** Source material follows **
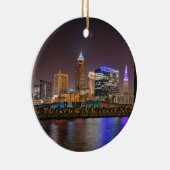 Cleveland Skyline bij nacht Keramisch Ornament (Rechts)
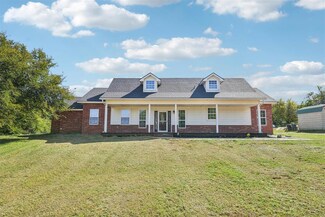 975 County Street 2946, Tuttle, OK 73089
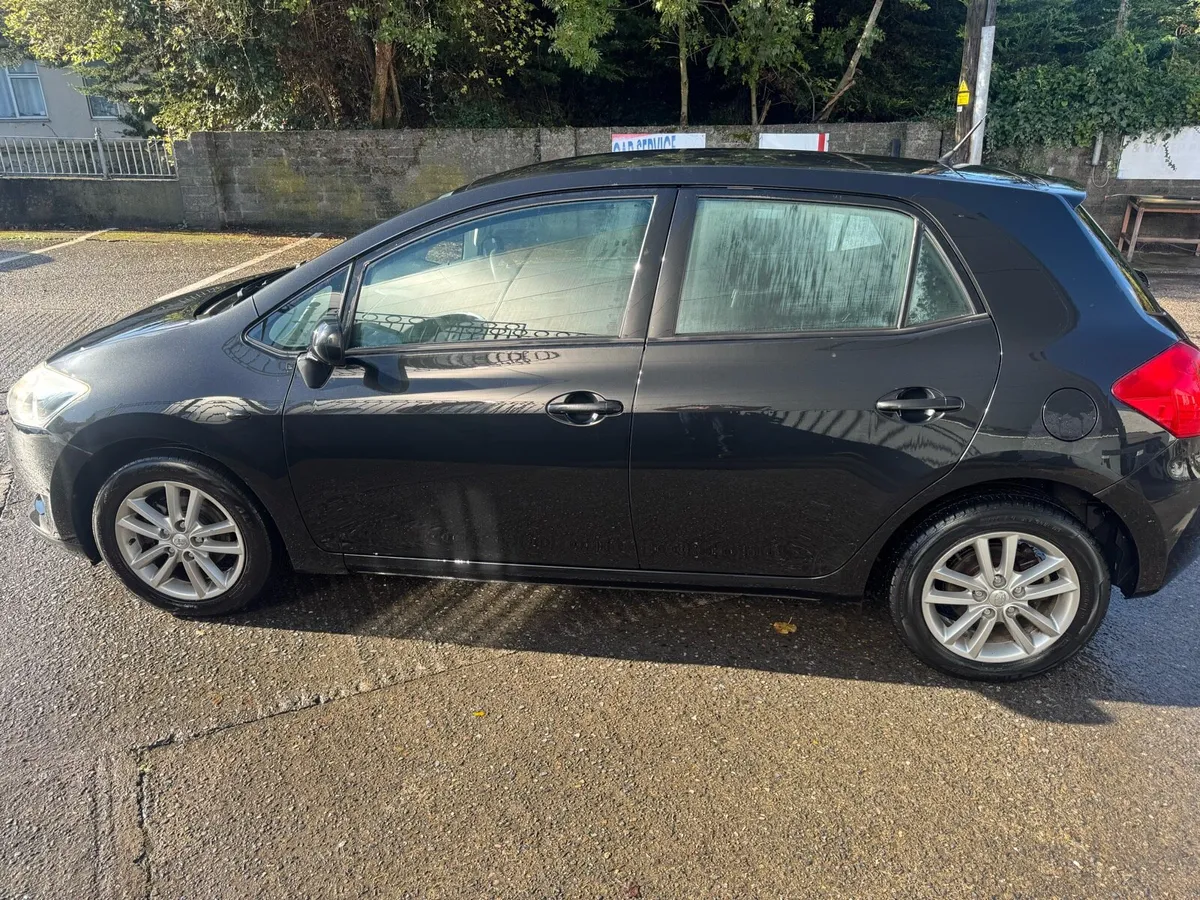 Toyota auris - Image 2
** End of Source material **
-- Required action --
The expected response is every line of the material, written out exactly, with the images removed.

-- The answer --
 Cleveland Skyline bij nacht Keramisch Ornament (Rechts)
 975 County Street 2946, Tuttle, OK 73089
 Toyota auris - Image 2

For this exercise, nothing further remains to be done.